Friday’s events are hardly a rehearsal for what may be in store on May 15. Hamas has been ramping up the drama in the run-up to Nakba Day, which will be marked precisely between the transfer of the U.S. Embassy from Tel Aviv to Jerusalem and the beginning of Ramadan. Hamas’ leaders in Gaza plan a mass storming of the border that will bring down the fence, highlighting Gazans’ distress and symbolizing the Palestinian refugees’ claim to a right of return to pre-1967 Israel. Admittedly, the formula of Hamas, which took control of the demonstrations that at first had been organized by independent activists, has been working well.
The New York Times report is unusual. Most of the coverage abroad has adopted the Palestinian narrative (which is unsurprising despite the support that the Trump administration provides to Israel).

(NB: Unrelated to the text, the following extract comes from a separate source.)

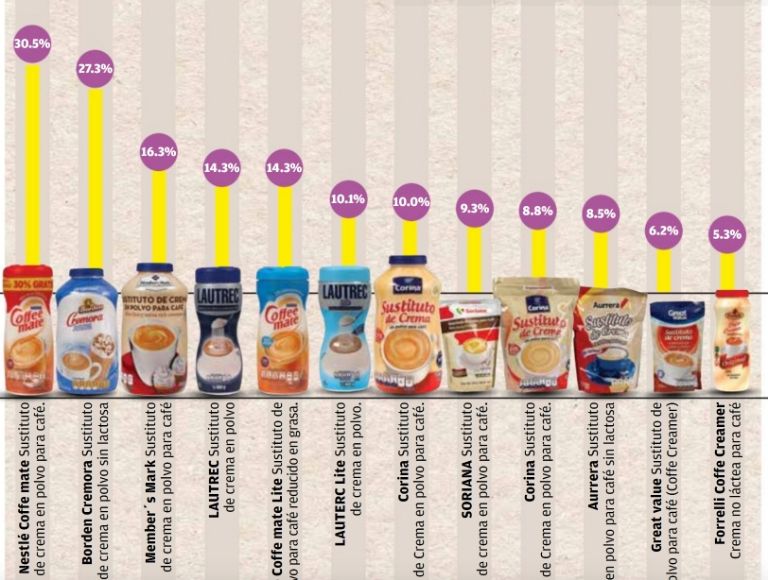 marcas de crema para café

The demonstrations are described as legitimate protest that sometimes stray into limited violence on the Palestinian side. The mass killing of demonstrators – more than 40 dead and thousands wounded since March 30 – is perceived as an overreaction by Israel. It’s no wonder that not a single rocket has been fired from Gaza at Israel in recent weeks. The demonstrations on their own leave the impression that Hamas wants to convey.

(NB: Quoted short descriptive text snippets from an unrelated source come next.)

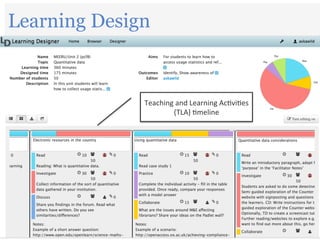 29/11/2016 11
Learning Design
Teaching	
  and	
  Learning	
  Ac/vi/es	
  
(TLA)	
  /meline	
  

Amid the mounting Palestinian casualties, the Israel army has been maneuvering between two conflicting goals: reducing the number killed but also protecting the border and deterring Hamas from a mass crossing on May 15. On Friday, a measure of restraint was imposed on the open-fire orders given to Israeli snipers at the border, until the incident at the Karni crossing, after which the snipers opened fire, accounting for most of the killed and wounded that day.

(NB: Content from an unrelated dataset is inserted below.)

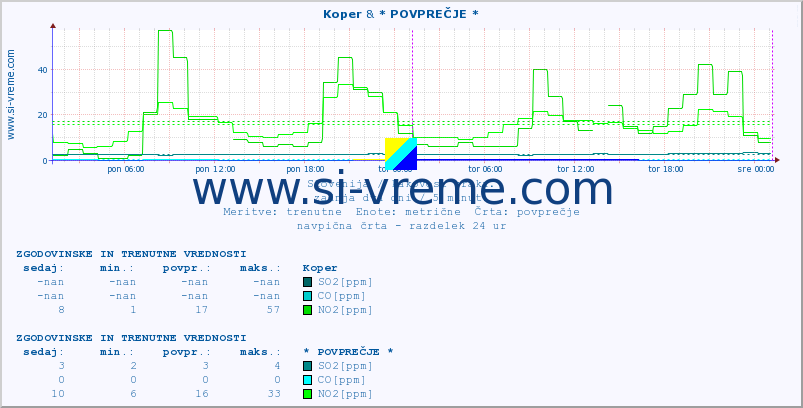 POVPREČJE :: Koper & * POVPREČJE * :: SO2 | CO | O3 | NO2 :: zadnja dva dni / 5 minut.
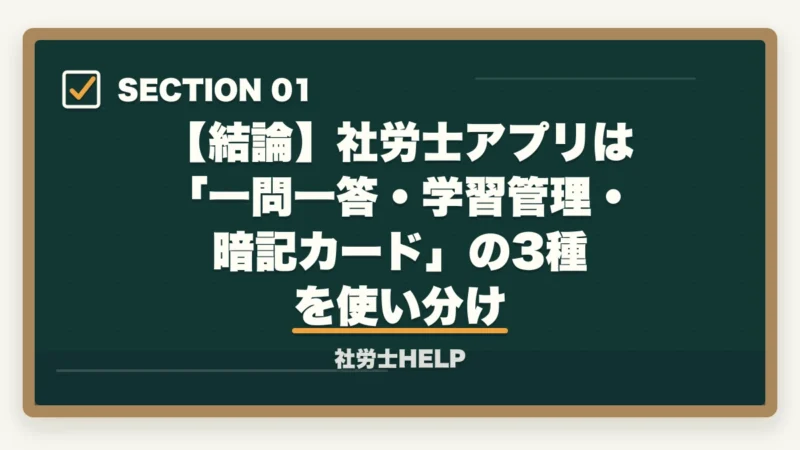 【結論】社労士アプリは「一問一答・学習管理・暗記カード」の3種を使い分け|社労士試験のスマホ学習アプリ活用法|3種使い分けでスキマ時間を得点化【2026年】の図解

As reported by Haaretz at the beginning of April, the army has begun acting against Hamas through other means in the hope that these would also provide deterrence near the border. On Friday night, two weapons depots in Gaza and four boats used by Hamas’ naval force were bombed from the air. The aim is to signal to Hamas’ chiefs that they have something to lose elsewhere too if they escalate the confrontation on the border.
In the background, the General Staff is busy with the possibility of an escalation on a more dangerous front, the north. If Iran responds to the bombing attributed to Israel of the T4 base in Syria, the tensions in Gaza will be left in the shadows.
In one recent consultation, Energy Minister Yuval Steinitz raised an interesting alternative. Some of the current suffering in Gaza stems from a decision by Palestinian President Mahmoud Abbas to suspend the payment of the salaries of PA employees in the Strip. The sanctions have hurt the purchasing power of Gazans to such an extent that the quantity of goods shipped from Israel and the West Bank into Gaza has decreased because there aren’t enough customers.
Steinitz is suggesting that Israel take an amount equivalent to the frozen salary payments from taxes that Israel collects for the PA and transfer the sum to the Gaza employees in an effort to help the economy there. Steinitz says it’s possible to carry this out. Israeli defense officials haven’t yet responded.
On Monday, the High Court of Justice will hear a petition by Israeli left-wing groups and human rights organizations against the open-fire orders given to Israeli snipers on the Gaza border. Maj. Gen. Nitzan Alon, the head of the operations division at the General Staff, will seek to convince the justices that the Gaza protest isn’t something ordinary and that if the demonstrators cross the border fence, they won’t be holding a peace march around the kibbutzim and moshavim on the Israeli side. Instead, a violent attempt to break into the communities would be expected.
In the current political-siege atmosphere against the High Court, it’s hard to imagine the justices interfering directly in the army’s business. As things stand, the confrontations on the border will reach their peak on May 15, and for now no way has been found to rein in the clash.